*** Opening Data in this exercise ***

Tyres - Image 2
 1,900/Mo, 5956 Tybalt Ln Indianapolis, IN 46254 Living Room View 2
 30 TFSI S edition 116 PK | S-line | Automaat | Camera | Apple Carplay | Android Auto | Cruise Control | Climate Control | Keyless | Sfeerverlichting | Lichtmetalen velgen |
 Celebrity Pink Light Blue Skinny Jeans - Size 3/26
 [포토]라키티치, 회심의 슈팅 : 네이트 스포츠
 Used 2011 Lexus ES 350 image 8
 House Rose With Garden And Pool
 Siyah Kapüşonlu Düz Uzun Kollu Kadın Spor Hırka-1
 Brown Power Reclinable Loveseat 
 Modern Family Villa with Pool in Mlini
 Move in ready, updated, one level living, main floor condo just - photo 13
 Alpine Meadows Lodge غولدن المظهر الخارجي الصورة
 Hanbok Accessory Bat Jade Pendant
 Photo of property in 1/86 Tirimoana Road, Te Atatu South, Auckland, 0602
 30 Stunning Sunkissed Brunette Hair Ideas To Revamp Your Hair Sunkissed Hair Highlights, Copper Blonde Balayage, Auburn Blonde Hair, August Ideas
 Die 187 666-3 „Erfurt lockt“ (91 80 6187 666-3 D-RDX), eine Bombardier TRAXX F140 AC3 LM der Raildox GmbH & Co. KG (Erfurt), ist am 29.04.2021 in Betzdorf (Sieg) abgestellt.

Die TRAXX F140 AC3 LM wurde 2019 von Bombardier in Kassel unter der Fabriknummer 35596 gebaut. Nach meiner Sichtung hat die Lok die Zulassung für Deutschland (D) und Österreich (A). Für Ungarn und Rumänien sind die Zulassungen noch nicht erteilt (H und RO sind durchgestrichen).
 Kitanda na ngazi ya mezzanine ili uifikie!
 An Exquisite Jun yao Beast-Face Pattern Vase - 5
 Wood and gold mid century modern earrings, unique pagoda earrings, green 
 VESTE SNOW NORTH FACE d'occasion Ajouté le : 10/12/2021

*** Closing Data in this exercise ***

What needs to be done ▸
Return the material above in full, exactly as written.

Result ▸
Tyres - Image 2
 1,900/Mo, 5956 Tybalt Ln Indianapolis, IN 46254 Living Room View 2
 30 TFSI S edition 116 PK | S-line | Automaat | Camera | Apple Carplay | Android Auto | Cruise Control | Climate Control | Keyless | Sfeerverlichting | Lichtmetalen velgen |
 Celebrity Pink Light Blue Skinny Jeans - Size 3/26
 [포토]라키티치, 회심의 슈팅 : 네이트 스포츠
 Used 2011 Lexus ES 350 image 8
 House Rose With Garden And Pool
 Siyah Kapüşonlu Düz Uzun Kollu Kadın Spor Hırka-1
 Brown Power Reclinable Loveseat 
 Modern Family Villa with Pool in Mlini
 Move in ready, updated, one level living, main floor condo just - photo 13
 Alpine Meadows Lodge غولدن المظهر الخارجي الصورة
 Hanbok Accessory Bat Jade Pendant
 Photo of property in 1/86 Tirimoana Road, Te Atatu South, Auckland, 0602
 30 Stunning Sunkissed Brunette Hair Ideas To Revamp Your Hair Sunkissed Hair Highlights, Copper Blonde Balayage, Auburn Blonde Hair, August Ideas
 Die 187 666-3 „Erfurt lockt“ (91 80 6187 666-3 D-RDX), eine Bombardier TRAXX F140 AC3 LM der Raildox GmbH & Co. KG (Erfurt), ist am 29.04.2021 in Betzdorf (Sieg) abgestellt.

Die TRAXX F140 AC3 LM wurde 2019 von Bombardier in Kassel unter der Fabriknummer 35596 gebaut. Nach meiner Sichtung hat die Lok die Zulassung für Deutschland (D) und Österreich (A). Für Ungarn und Rumänien sind die Zulassungen noch nicht erteilt (H und RO sind durchgestrichen).
 Kitanda na ngazi ya mezzanine ili uifikie!
 An Exquisite Jun yao Beast-Face Pattern Vase - 5
 Wood and gold mid century modern earrings, unique pagoda earrings, green 
 VESTE SNOW NORTH FACE d'occasion Ajouté le : 10/12/2021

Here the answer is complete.